NRA convention draws top GOP 2024 hopefuls after shootings

The NRA is gearing up to play a key role in next year's presidential race in a stark departure from 2020.|

INDIANAPOLIS — Top Republican hopefuls for the 2024 presidential race vowed Friday at the National Rifle Association's annual convention to defend the Second Amendment at all costs, suggesting that new firearms restrictions in the wake of mass shootings in the country would only hurt law-abiding gun owners.

The three-day gathering kicked off with thousands of the organization’s most active members at Indianapolis’ convention center mere days after mass shootings in Nashville and Louisville. Last year's NRA convention came just days after the massacre at a school in Uvalde, Texas.

It illustrated the stark reality that such shootings have become enough of the fabric of American life that the NRA can no longer schedule around them. Nor does it really want to: The convention falls on the second anniversary of the mass shooting at a FedEx facility in Indianapolis that killed nine people.

And that certainly didn’t keep GOP White House hopefuls away, underscoring the political power of the NRA.

“Gun-hating politicians should never go to bed unafraid of what this association and all of our millions of members can do to their political careers,” said its CEO Wayne LaPierre.

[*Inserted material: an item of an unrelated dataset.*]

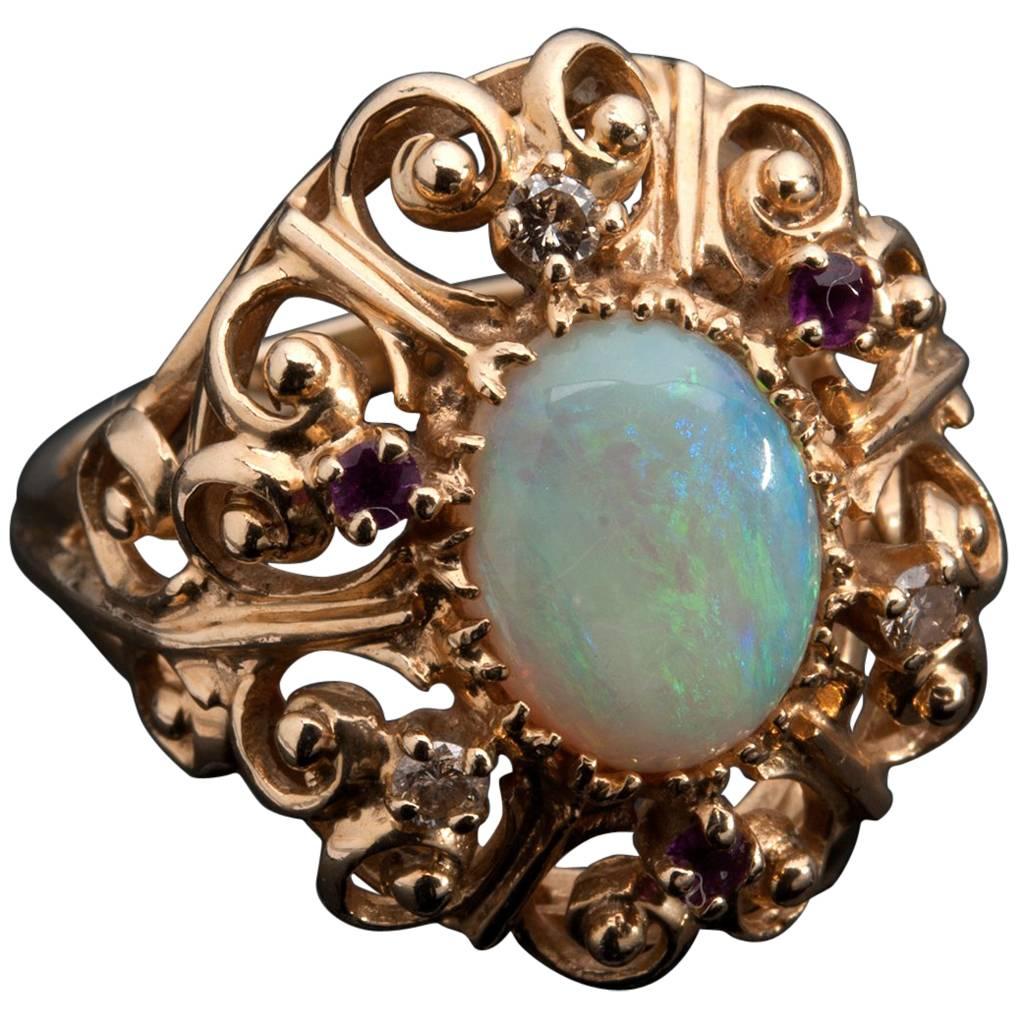 Victorian Style Opal Diamond and Ruby Gold Ring, USA, Mid-20th Century For Sale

Instead of fewer guns, former Vice President Mike Pence called for more institutions for the mentally ill and federal funding for armed school officers. Florida Gov. Ron DeSantis said he had resisted implementing any gun restrictions in his state despite that stance being unpopular. Former President Donald Trump was set to speak later Friday.

Some speakers said they were saddened by the recent shootings, but also spent far more time slamming Biden administration policy along the U.S.-Mexico border. That was fine with many attendees.

“No one wants to see the violence you see in schools and stuff today,” Randy Conner, a pistol and rifle instructor for the NRA from Waynesburg, Pennsylvania, “But I don’t think taking the guns away from ordinary citizens is going to change any of that at all.”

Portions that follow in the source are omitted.